My first job was as a 'room attendant' (cleaner) in a large London hotel firm. Rooms cost (in 2000) upwards of £300 per night. I was the only British born person I ever met working there. The rates were £2 per room and I used to clean around 14 rooms per day, although some amazing women did up to 30. I guess nine out of ten colleagues were women. I would start work at 5 am and finish when I finished, usually in the early afternoon. I just came across this blog (thanks Leo Doran) and it took me back- every detail is exactly the same- the triangular point on the end of the toilet roll, the toxic blue powders which caught in your throat, the way we were constantly told to wear gloves but as everyone including the supervisors knew, gloves would slow us down to the point where we would lose money we couldn't afford to lose.

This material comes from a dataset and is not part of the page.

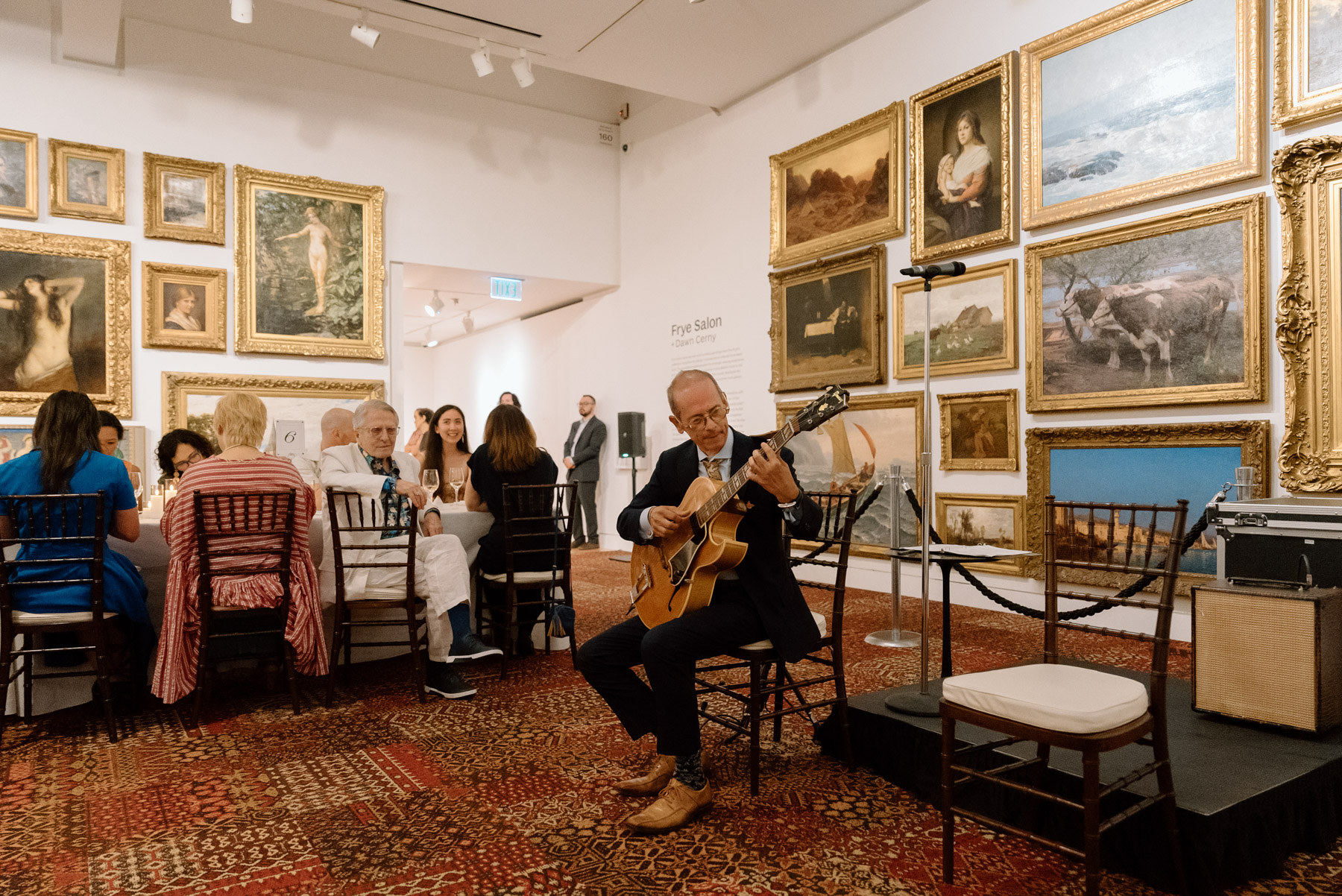 A guitarist performing next to a long dinner table in front of artwork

One day, there was a fire alarm in the hotel. We had not been trained or warned in any way for this, but I followed the women around me, pushed my heavy linen trolley against a wall, walked out down the grey service stairs to the smoking area to be counted. The fire brigade (it was a test) checked the corridors and found that the woman working next to me had left her trolley blocking the passage. We were both called into the office for an explanation. She was in her forties, maybe Lithuanian.

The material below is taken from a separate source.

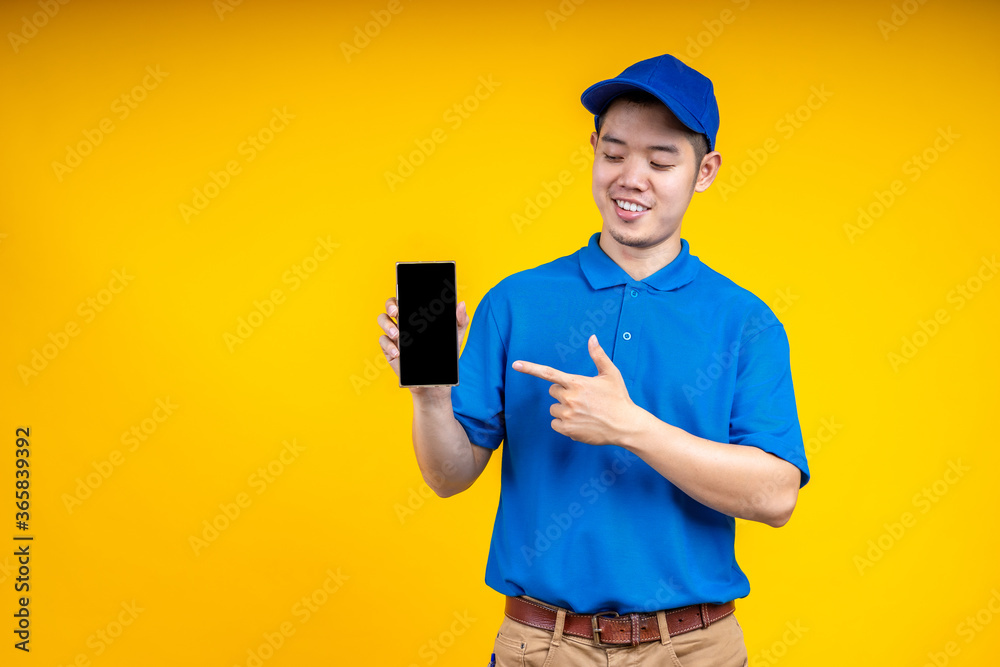 Asian delivery man pointer to application on mobile phone over yellow isolate background. Work from home and delivery concept.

Two fire officers asked us what had happened. They were surprised by my shrill middle class tones. The woman tried to speak and began to cry. A supervisor called another member of staff to empty her locker (our lockers didn't lock). There was a sense that the woman had embarrassed the company. She was being asked to leave the building immediately. I said 'It was an accident, she didn't know.' The supervisor (who was not English) said 'You want to work in England, you got to speak English. No English, no job.' The woman's remaining rooms were divided among her neighbours to be cleaned, so I finished very late that day.